Rule 10 is the best way to keep yourself out of trouble – I use two indicators and when both say sell I sell. Again, no second guessing after the fact – a profit is a profit is a profit.
Good heuristics but I don’t agree with the note on point 5: Even if we accept that investing is somehow fundamentally different than trading – more than simply a difference in time horizon – there are still many investing tactics that require profit taking and even strongly defined strategic portfolios require rebalancing from time to time.

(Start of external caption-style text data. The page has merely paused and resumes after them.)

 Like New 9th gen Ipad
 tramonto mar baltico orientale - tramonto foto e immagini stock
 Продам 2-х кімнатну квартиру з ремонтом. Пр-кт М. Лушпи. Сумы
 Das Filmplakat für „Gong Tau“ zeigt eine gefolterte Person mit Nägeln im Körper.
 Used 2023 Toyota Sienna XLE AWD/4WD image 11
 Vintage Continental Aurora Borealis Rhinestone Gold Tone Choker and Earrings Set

This may just be my bias (or lack of sophistication if you like) but ultimately all decisions are timing decisions from my POV: 10 minutes, 10 weeks, 10 months, 10 years; other than the tools you use what’s the diff?
I’m also not sure how point 9 (which I read as a three-step scale out) is supposed to work mathematically; i.e., if you “Sell a portion of the position to get your principal back” that is when it has doubled so how can you scale out for the second time “…when the initial investment has doubled.”? Initial investment means your principal and you scaled out the first time when it doubled; by definition, no?

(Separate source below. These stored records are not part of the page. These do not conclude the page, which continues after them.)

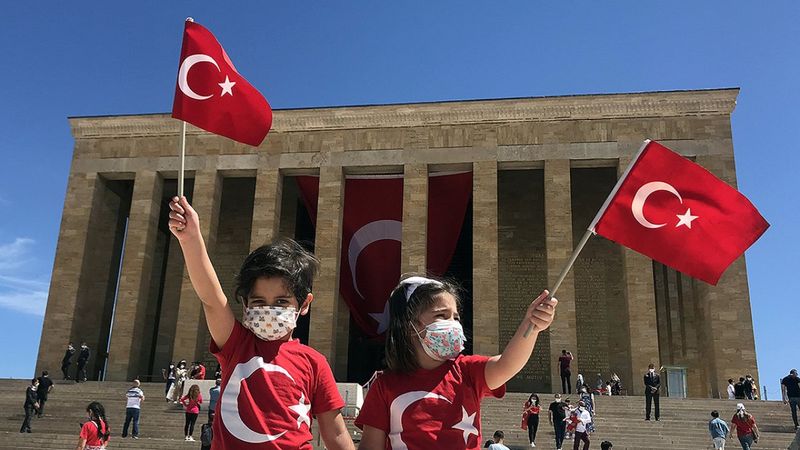 19 Mayıs Gençlik ve Spor Bayramı, ülke genelinde sevinçle kutlanıyor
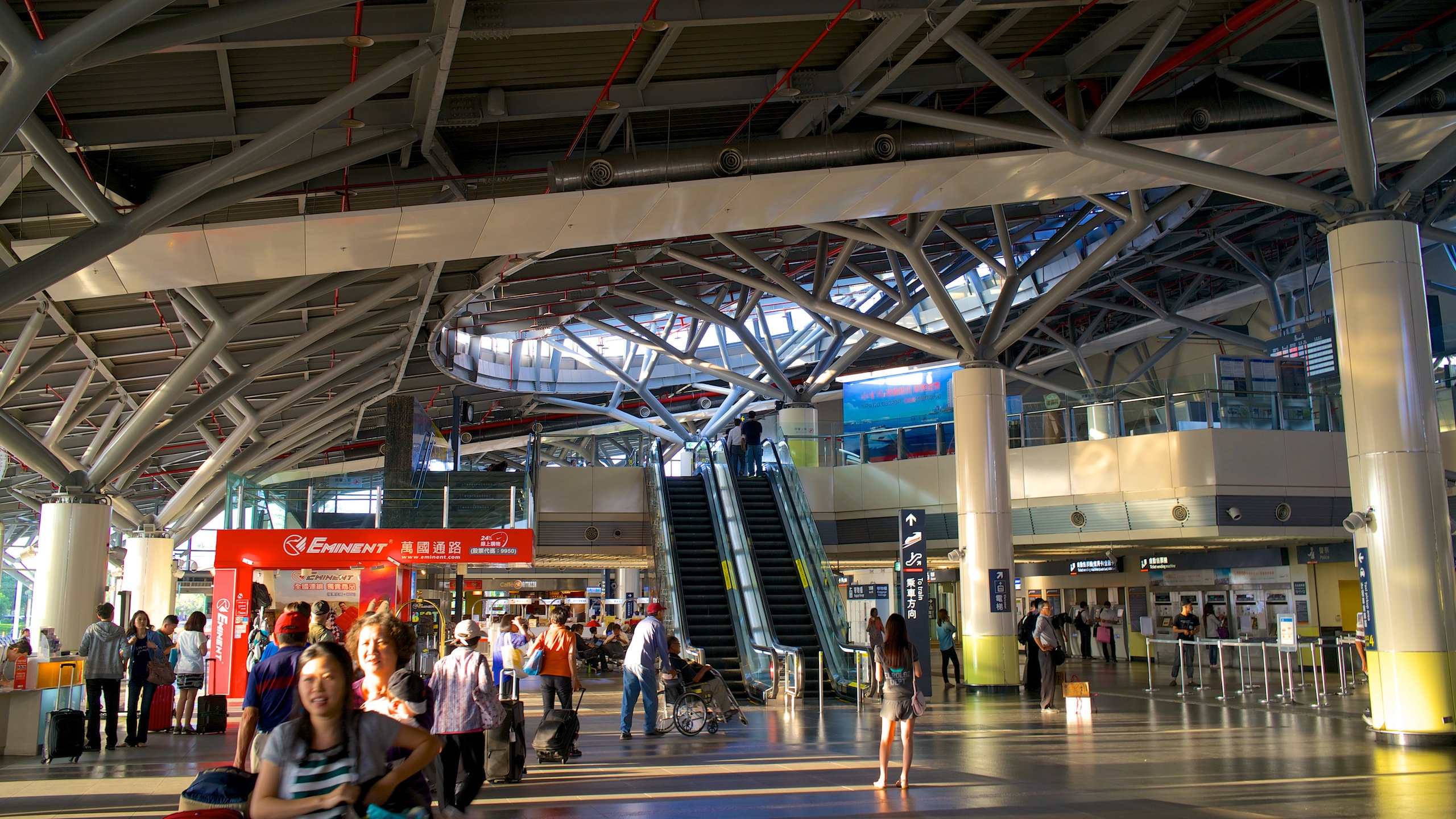 Taipei showing interior views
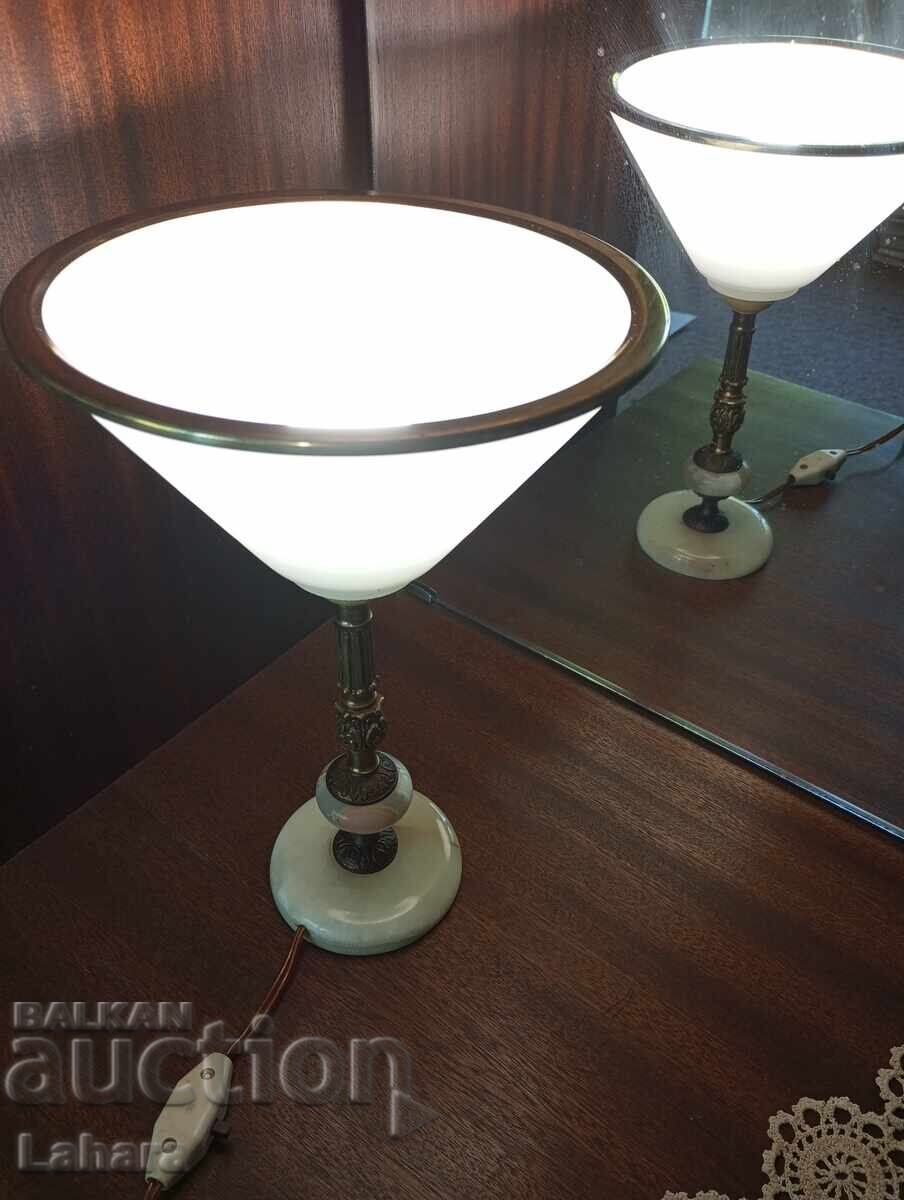 Auction Night, table lamp made of onyx and bronze Auction Night, table lamp made of onyx and bronze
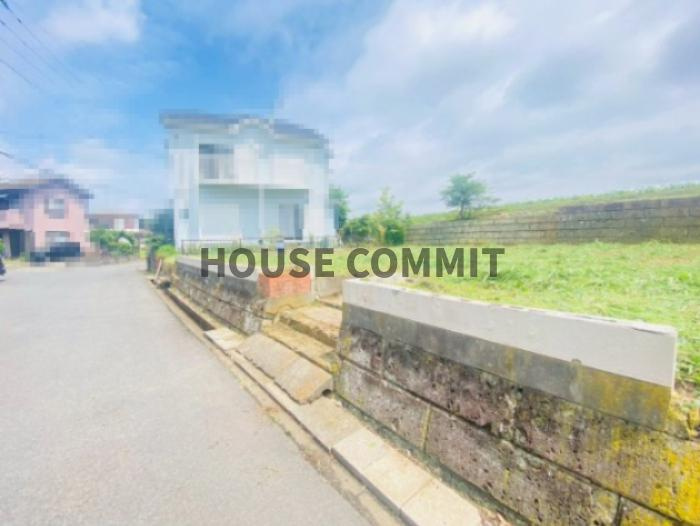 十倉　売土地の前面道路含む現地写真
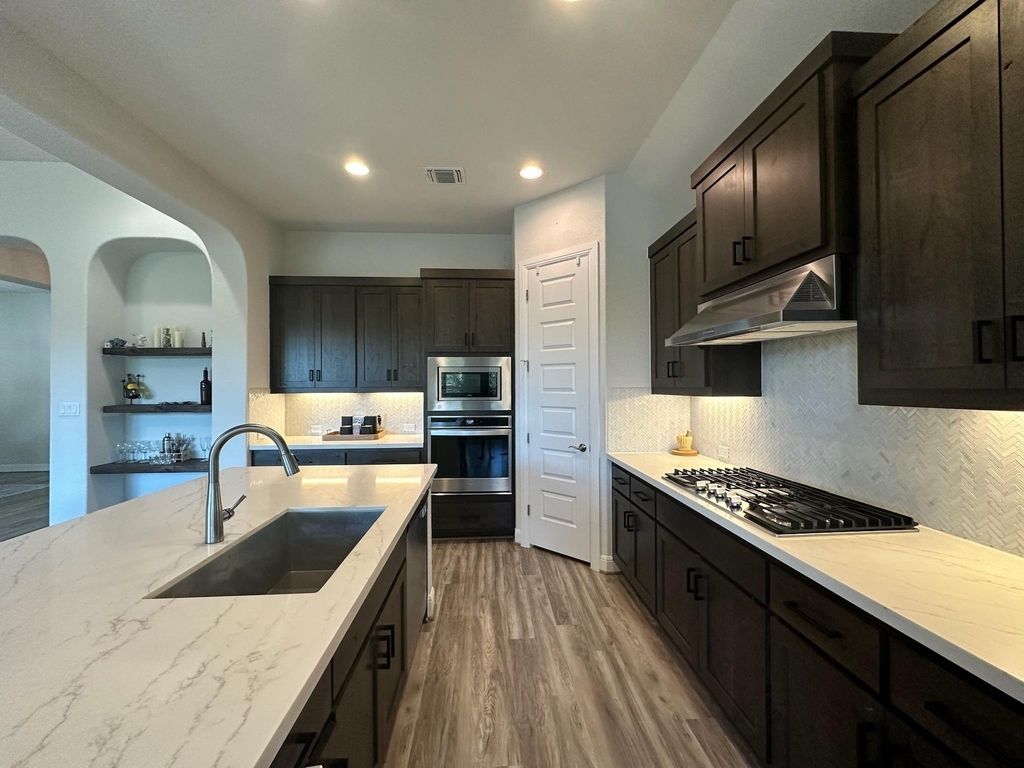 240 Brentwood Dr - Photo 13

Agree with john’s “don’t look back” addendum to point 5. I might offer a modest amendment that looking back some time later can help you refine your discipline but, regardless, the point is well made that indulging in the practice could cause you to start second guessing yourself – along with greed and fear, doubt is an emotion too.
Ken Grant has some excellent input on this topic in his book “Trading Risk.”
While it applies more to traders than investors, there is a potential wealth of data in studying one’s past trades with the proper statistical tools. Not to backtest or curve fit, but to get a sense of historical metrics.
Can initial risk points be tightened? Should they be loosened up? Are exits primarly early? Primarily late? Are certain time frames more conducive to profits than others? Any bad habits that can be ferreted out, situations that should be avoided or enhanced? Any interesting patterns that can be traced back to methodology or trading discipline, rather than market noise?
I’m not a seller in this market.
http://investors.com/editorial/IBDArticles.asp?artsec=16&issue=20060505
Boy, this article is a piece of work.
Rule 1 tells you that you should make sure you don’t ignore sunk costs!
Rule 2 tells you not to stick to the plan you made in rule 1.
Rule 8 says that people are to quick to sell losers and hold on to winners, when research seems show that the opposite is true.
I could go on, but why bother.
What’s the third scale??
“three scales. Sell a portion of the position to get your principal back; A second scale out when the initial investment has doubled.”
Absent inside information, the only selling “rule” that makes much sense to me is Rule #10. When your investing, there is only one source of information you should listen to – and that’s the market.